If all you're after is clear, simple advice for right now, today, as of
March 2013, this is as clear as it gets:
* use `distribute`_ to build and package Python distributions and publish
them to the `Python Package Index`_ (PyPI). The ``setuptools`` and
``distribute`` projects are in the process of merging back together,
but the merger isn't complete yet (I will update this essay as soon
as that changes).
* use `pip`_ to install Python distributions from PyPI
* use `virtualenv`_ to isolate application specific dependencies from the
system Python installation
* use `zc.buildout`_ (primarily focused on the web development community)
or `hashdist`_ and `conda`_ (primarily focused on the scientific community)

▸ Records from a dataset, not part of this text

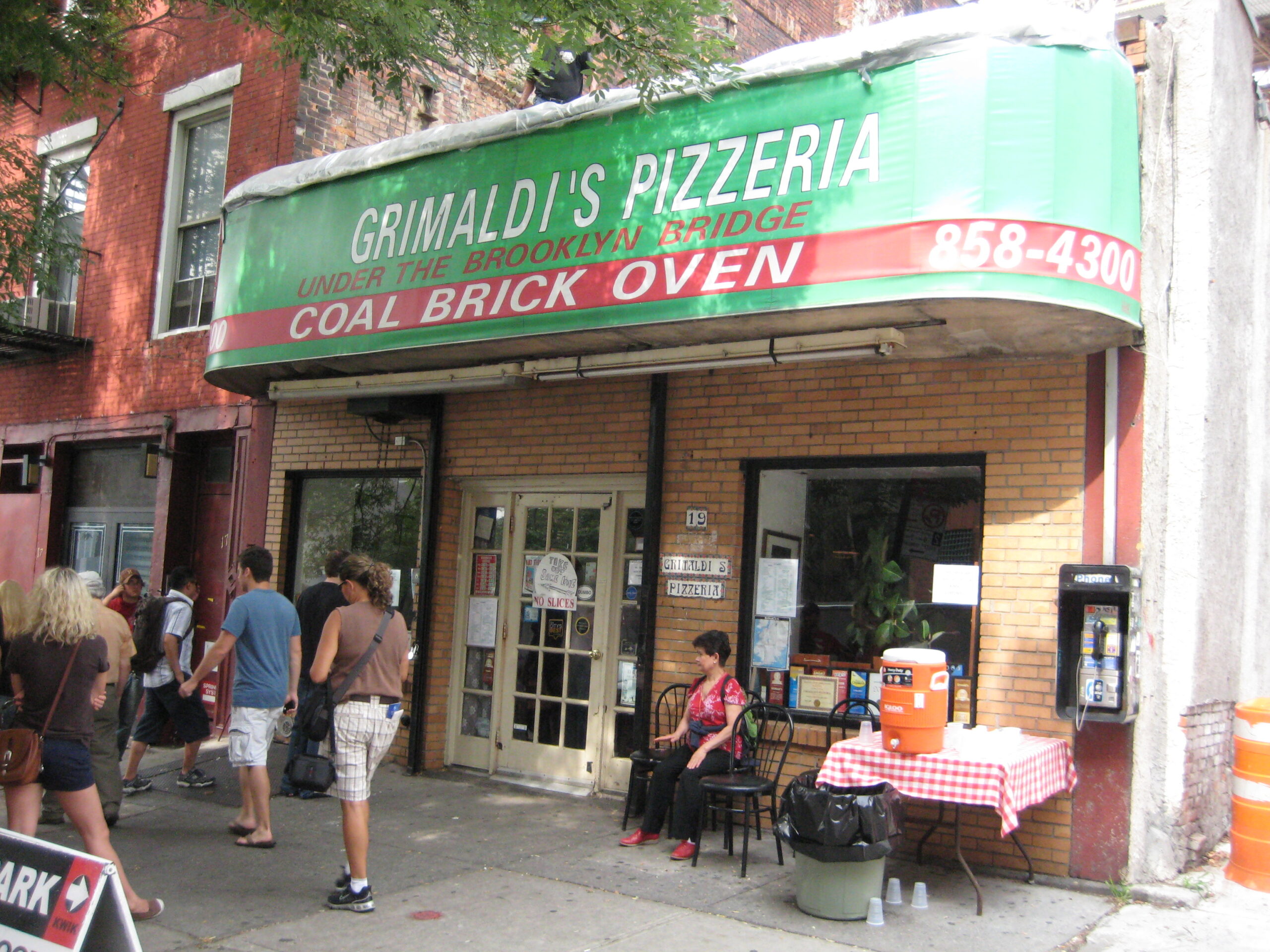 Grimaldi's Pizzeria – 1990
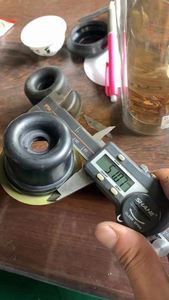 Con Dấu Bụi Phanh Cho <span class=keywords><strong>Ford</strong></span> Holland Tractor 86576339 C5NN2N336A 82037652 Van Dầu - Product Image 5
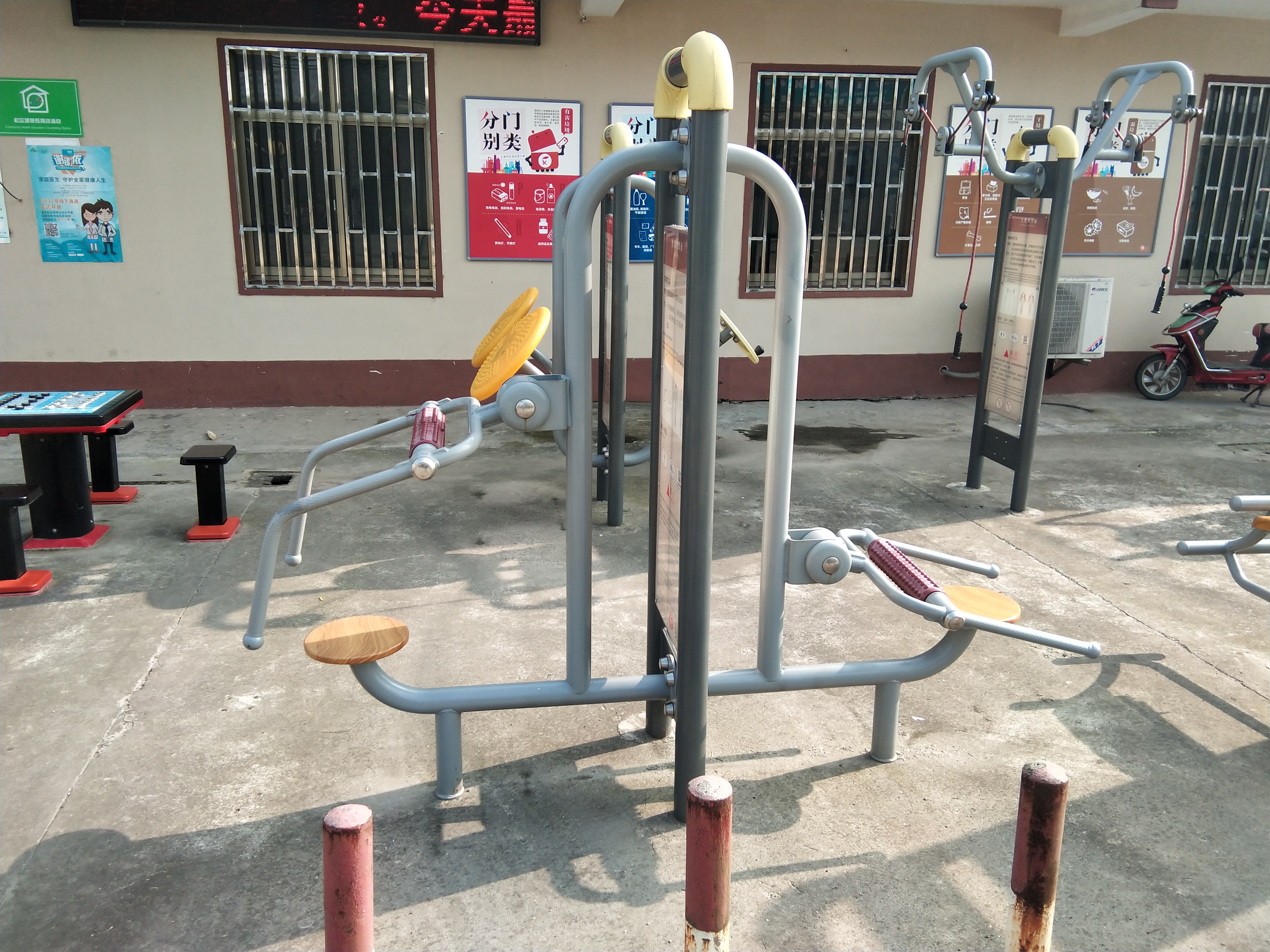 頸腰按摩器 頸腰按摩器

if you want fully intregrated software stacks, without worrying about
interoperability with platform provided package management systems
* if you're on Linux, the versions of these tools provided as platform
specific packages should be fine for most purposes, but may be missing
some of the latest features described on the project websites (and, in
Fedora's case, calls ``pip`` ``pip-python`` due to a naming conflict with
an old Perl tool).
.. _distribute: http://pythonhosted.org/distribute/
.. _Python Package Index: https://pypi.org
.. _pip: http://www.pip-installer.org/en/latest/
.. _virtualenv: http://www.virtualenv.org/en/1.9.X/
.. _zc.buildout: http://www.buildout.org/
.. _hashdist: http://hashdist.readthedocs.org/en/latest/
.. _conda: http://docs.continuum.io/conda/
Unfortunately, there are a couple of qualifications required on that simple
advice:
* use ``easy_install`` or `zc.buildout`_ if you need to install from the
binary ``egg`` format, which ``pip`` can't currently handle
* aside from using ``distribute`` over the original ``setuptools`` (again,
keeping in mind that those two projects are in the process of merging
back into a single ``setuptools`` project), and ``pip`` over
``easy_install`` whenever possible, try to ignore
the confusing leftovers of slanging matches between developers of
competing tools, as well as information about upcoming tools that
are likely still months or years away from being meaningful to anyone
not directly involved in developing packaging tools
The `Quick Start`_ section of the Hitchhiker's Guide to Packaging provided
by the ``distribute`` team is still a decent introduction to packaging
and distributing software through the Python Package Index. However, the
rest of that guide includes a lot of opinions and plans that don't quite
match up with reality (this is being cleaned up as part of the current
packaging ecosystem improvement efforts).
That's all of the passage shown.